SCCAg was a subunit of squamous epithelial cell associated antigen TA-4 and one member of serine protease inhibition of glycoprotein family (17). No difference was observed for SCCAg not only in NPC and benign disease groups, but also in the early and middle-late stage NPC. Kimura and Barak have demonstrated that the level of serum SCCAg was increased in head and neck squamous cell carcinoma (13,18), which was inconsistent with our results. The reason we speculated here is that the research object of these documents are the head and neck cancer, of which only a small amount of NPC. Kearsley states that cellular SCCAg expression was related to the level of cellular differentiation in squamous epithelia. As the worse the differentiation, the weaker the expression. SCCAg expression was consistently absent in poorly differentiated (11).

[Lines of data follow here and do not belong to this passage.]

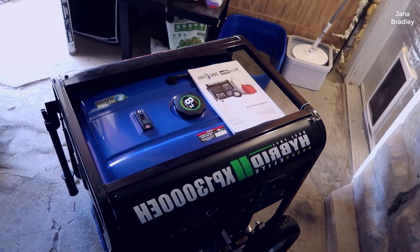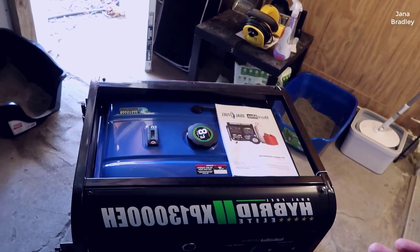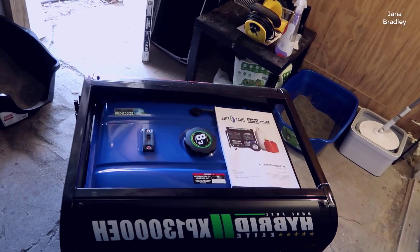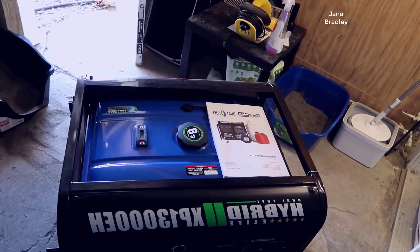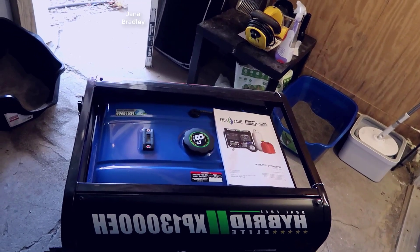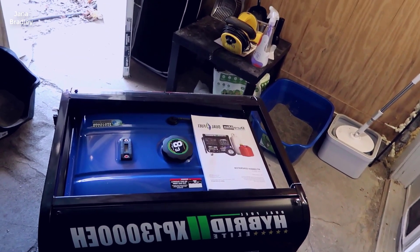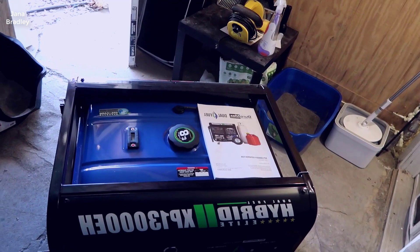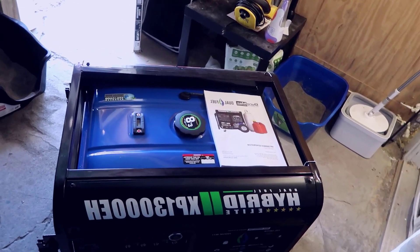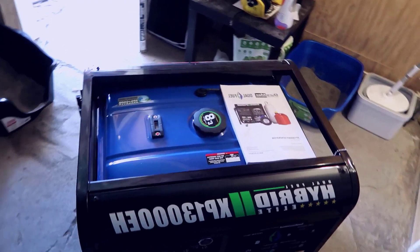Starting with the features — with this particular generator you have up to 13,000 starting watts, which comes down to around 11,000 running watts. That means you can utilize quite a bit of power throughout your house. We have a fairly large property with a detached garage that's actually larger than our house, two full 200-amp panels, and an extra apartment. This generator will support the entire property.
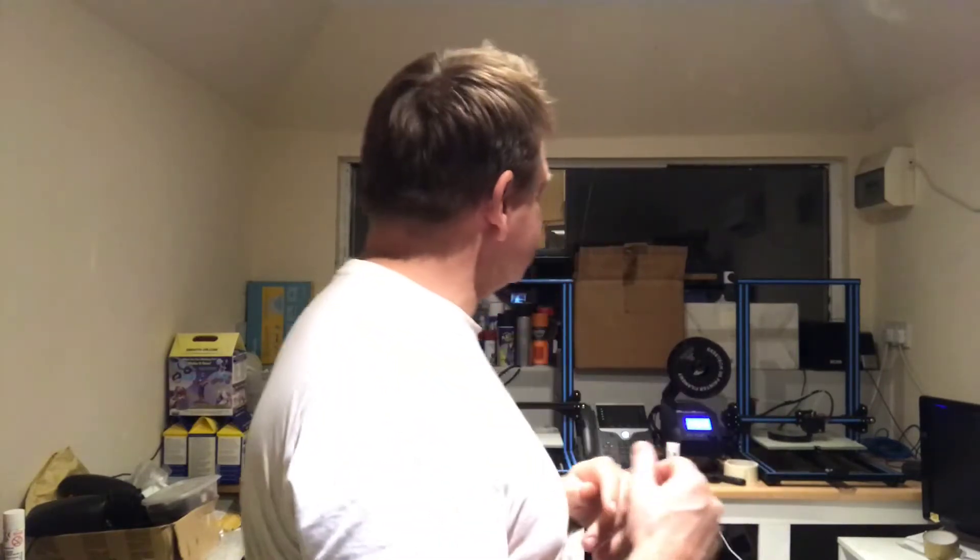Welcome back to the channel, thanks very much for stopping by. Welcome back to the man cave. The twins are beavering away as you can see in the background doing the next part of the project.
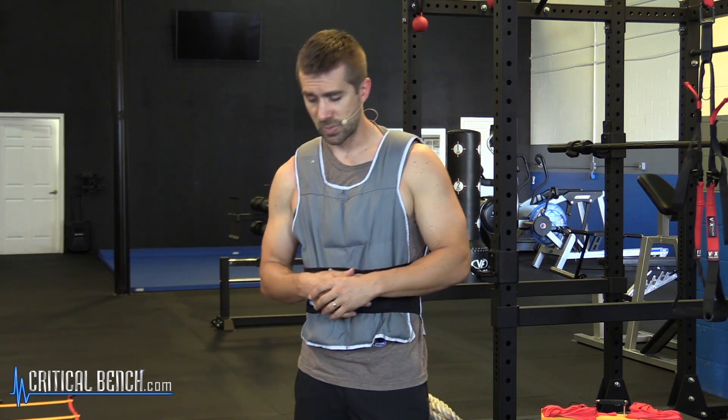Hey, what's going on? Coach Brian here with criticalbench.com. Thanks for tuning in. Certified strength and conditioning coach, and I'm sharing some good workouts to use for the game of basketball using a weighted vest. All body weight movements except, obviously, we've got some weighted vests added on to the body. This weighted vest is about 20 pounds, which is adequate enough to go through these three types of workouts within a basketball routine here.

It suggested that the main reason for the low expression of SCCAg may be that the cases of NPC we have studied were undifferentiated squamous cell carcinoma, although there were differences in paraffin samples and serum samples.
Elevated FER levels have been detected in a variety of malignancies (19,20). Similarly, we found that FER was also higher in NPC, but did not increased along with the progress of the disease. FER had little effect on NPC prediction (OR =1.003), meanwhile, it was also eliminated by the decision tree. Serum FER levels were revealed to be not associated with age, survival and recurrence rates on multivariate analysis (12).
These nine TMs were analyzed to determine their significance for the diagnosis of NPC. Firstly, we used non-parametric Mann-Whitney U test to exclude SCCAg, AFU, CA125, CA19-9 and CEA that’s CA72-4, CYFRA21-1, NSE and FER left. And then we further ruled out CA72-4 by Logistic regression analysis, leaving CYFRA21-1, NSE and FER. And the corresponding the value of OR were obtained, we found that CYFRA21-1 was the strongest predictor, followed by NSE, and FER the weakest. Finally, the decision tree was used to exclude FER, and the remaining NSE and CYFRA21-1. NSE and CYFRA21-1 formed the tree structure of the two-layer branches, similar to the flow chart. CYFRA21-1 and NSE combination of serum TMs can improve diagnostic sensitivity and specificity, and facilitates the early diagnosis and differential diagnosis. Of course, this research had some limitations, which was a retrospective single center analysis.
In conclusion, the combination of CYFRA21-1 and NSE will be beneficial for distinguishing NPC from BND. Decision tree model may help clinicians to conveniently predict NPC, and provide guidance in choosing suitable detection and treatment. CA72-4, SCCAg, AFU, CA125, CA19-9, CEA and FER did not have diagnostic value of the NPC.
Funding: This work was supported by the Hubei Chenguang Talented Youth Development Foundation (No. 2015B29) and the Applied Basic Research Program of Wuhan Science and Technology Bureau (No. 2015060101010048).
Conflicts of Interest: The authors have no conflicts of interest to declare.
Ethical Statement: The institutional research ethics committee approved the experimental protocols, the number of ethics approval was 20140036. Informed consent was obtained from all patients.